Government said that at the heart of the matter, it is the issue of cross-border terrorism emanating from a particular source perpetrated on people of India
New Delhi: A day after China offered to mediate to resolve the Kashmir issue, India on Friday snubbed the offer and asserted that it was a bilateral matter between it and Pakistan.
“At the heart of the matter is really the issue of cross-border terrorism perpetrated on India including on the people of the state of J&K. So, the matter is that cross-border terrorism in our region emanating from a particular source is threatening peace and stability in not only India but other neighbours,” External Affairs Ministry Spokesperson Gopal Baglay told reporters.
India’s strong reaction came a day after the Chinese foreign ministry spokesperson said China was willing to play a “constructive role” in improving Indo-Pak ties, especially after the increased hostility along the Line of Control (LoC). He also said the situation in Kashmir has attracted “international” attention.
Gopal said that the government’s on the Kashmir issue has been very consistent and clear. “We have been ready to have dialogue with Pakistan among other issues (including) J&K in a bilateral framework. That position of addressing all issues with Pakistan including the Kashmir issue in a bilateral framework has not changed,” he said.
He also strongly rejected allegations by Pakistan that India was using chemical weapons in Kashmir, saying India is against the use of chemical weapon anywhere by anyone in any situation.

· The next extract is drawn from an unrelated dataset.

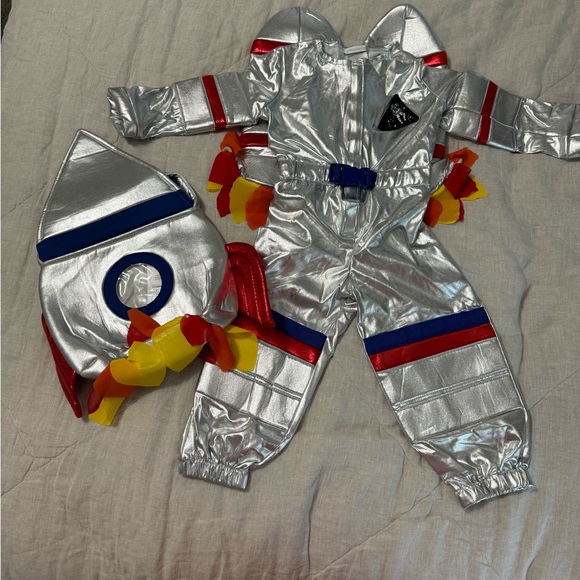 Pottery Barn Kids Other - Pottery Barn Kids Astronaut Costume with Rocket Trick or Treat Bag Size 3T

Baglay also hit out at the Pakistan government for “reading” from Lashkar-e-Taiba’s terror script in glorifying Hizbul militant Burhan Wani, who was killed by security forces in
July last year.
China’s ‘helping hand’ comes as tension continues over a standoff in Doklam on the Bhutan tri-junction. Baglay said India will continue to use diplomatic channels with China to resolve the standoff. “We have diplomatic channels available. We have embassies in both countries. Those channels will continue to be used,” Baglay said when asked about the nearly month-long standoff in Doklam.
He also referred to Foreign Secretary S Jaishankar’s remarks at an event in Singapore on the issue. Baglay noted that there were well-established and mutually agreed mechanisms to address differences on border issue as well as tri-junctions.
A couple of days ago, foreign secretary S Jaishankar had said here that India and China have a history of handling border issues and there is no reason the two countries will not be able to resolve the latest standoff.
“It is a long border, as you know no part of the border has been agreed upon on the ground. It is likely that from time to time there are differences,” Jaishankar said.